Obviously I was a huge Breaking Bad fan, and as much as it stressed me out, I miss writing the recaps as it made my love for, and understanding of, the show that much deeper.

But I wasn’t super excited about Better Call Saul; a prequel spin-off seems like it was just a disaster waiting to happen. Sure Saul the attorney was an entertaining recurring character, but he was also over-the-top and a convenient way to push the narrative along. Although he wanted to be a consigliere to Walt/Heisenberg, we know now that Walt worked alone; he involved Saul as a co-conspirator in his devious plans, but didn’t let him have much input.

Saul was entertaining, but I didn’t think he had the depth and inventiveness to warrant his own show. Three episodes in, let me say this: I am a dumbass and was completely wrong. Saul is deep, yo.

First, let’s start with the feel of the show – it’s very similar to Breaking Bad in both look and pacing. It’s quick moving, the vast desolation of the desert is laid out in Technicolor, and the thin line between the have and have-nots is perfectly framed in the cars and homes of Albuquerque. 

The series is set 6 years before Saul Goodman meets Walter White; Saul is Jimmy McGill, an attorney scraping together a living defending guilty clients. He’s creative and bombastic, and he’s mostly on the right side of the law (he has tricks, but they aren’t dirty).

Saul is played by Bob Odenkirk – can I call a veteran actor a revelation? I’m going to. From the opening scene, when the current-day “disappeared”, Saul sheds a tear over his former life, to his love of spinning his own Slipping Jimmy mythology, to his gentle desperation when trying to reason with his ill brother, Bob is in every scene, adding nuance and humanity to someone the world is supposed to laugh at -- an ambulance chaser in a cheap suit.

Jimmy’s hunched posture and bubbling frustration certainly has shades of Walter White.

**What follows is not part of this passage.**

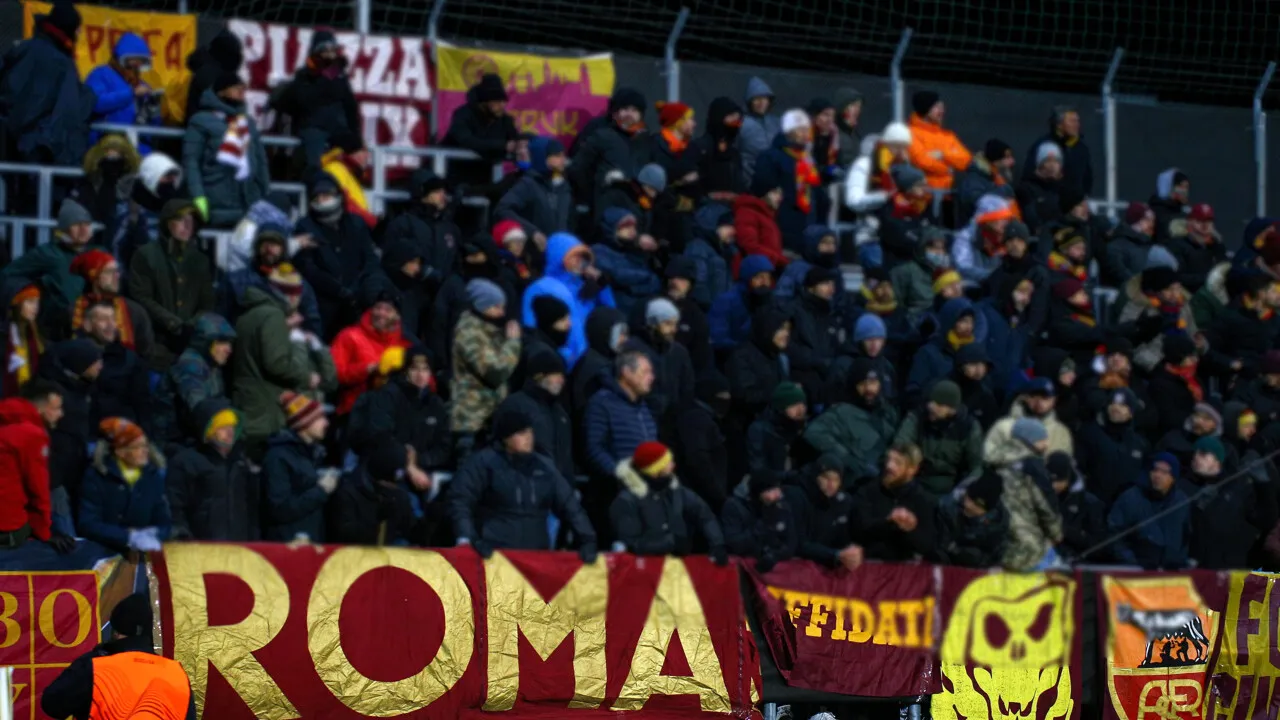 Roma: tifoso espulso dallo stadio per razzismo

Both men are smart, and logical. They’ve each chosen noble professions, yet there is a strong current of underachievement, a constant whiff of failure in the air. Walt is a high school teacher (who could have been a celebrated and wealthy scientist) and Jimmy is a lawyer that works on desperate, can’t-win cases and markets himself on a matchbook.

Suffering the grind of incessant, systemic humiliation – Walt from the students who come into his car wash, Jimmy by the sadistic parking attendant (hi, Mike!) and tiny paycheques, they navigate the world skittishly, just waiting for the next schoolyard bully to appear. And they are both dead broke, stuck in a hand-to-mouth, lower middle class cycle of desperation.

Walt has a macho and abrupt brother-in-law Hank, while Jimmy McGill has a troubled and gently moral brother, Chuck, who was once a prominent and successful attorney. What Hank had – the respect of his colleagues, a little bit of hero shine, Walt didn’t. And what Chuck could lay claim to – the impressive boardrooms, the endless breakfast Danishes, $17 million share in a prestigious law firm – highlights what Jimmy doesn’t have.

And of course both men transform, Walt to Heisenberg and Jimmy McGill to Saul Goodman, but there is a key difference here because while Walt is assuming a sinister alter ego, Jimmy is simply honing aspects of his personality. Slipping Jimmy (the con-artist nickname Jim earns from premeditated, opportunistic sidewalk slips in his youth) becomes Saul Goodman, someone whose creativity and circumstances nudge him further and further over the line of acceptable, legal behaviour.

Where they differ is Saul’s inherent squeamishness with murder, kidnapping, and general thuggery. He’s spooked by it, not invigorated like Walt had been. There’s a reluctant goodness that Saul carries around – sure he may throw tantrums, but he’s not violent. When jilted, Walt would light a BMW on fire. Jimmy just shoulders on to the next case, the next bad cup of coffee, the next sh-tty paycheque. And every time he says, “It’s showtime!” in the mirror, he believes it. Jimmy’s an entertainer who is working open mic night to half-empty seats every time he steps into the courtroom.

It’s quite astounding that the writing team can make the journey of Jimmy to Saul exciting, even though we know he ends up in Nebraska working at a food court, a sort of criminal’s witness protection program. Vince Gilligan and his team are being so careful and thoughtful with this show, it’s like the entire time Saul was Breaking Bad’s secret weapon and they knew that. I was always focused on Jesse. How did I not notice that Saul was the favourite son?